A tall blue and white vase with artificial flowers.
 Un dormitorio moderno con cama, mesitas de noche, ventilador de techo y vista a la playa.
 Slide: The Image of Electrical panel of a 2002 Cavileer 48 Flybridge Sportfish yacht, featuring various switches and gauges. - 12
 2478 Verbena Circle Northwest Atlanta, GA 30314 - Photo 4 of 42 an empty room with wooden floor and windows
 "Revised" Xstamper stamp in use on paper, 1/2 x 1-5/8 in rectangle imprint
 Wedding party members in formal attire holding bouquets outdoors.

========================================================================

### To do
Your answer must be every record above, set down exactly as written.

### Solution for this task
A tall blue and white vase with artificial flowers.
 Un dormitorio moderno con cama, mesitas de noche, ventilador de techo y vista a la playa.
 Slide: The Image of Electrical panel of a 2002 Cavileer 48 Flybridge Sportfish yacht, featuring various switches and gauges. - 12
 2478 Verbena Circle Northwest Atlanta, GA 30314 - Photo 4 of 42 an empty room with wooden floor and windows
 "Revised" Xstamper stamp in use on paper, 1/2 x 1-5/8 in rectangle imprint
 Wedding party members in formal attire holding bouquets outdoors.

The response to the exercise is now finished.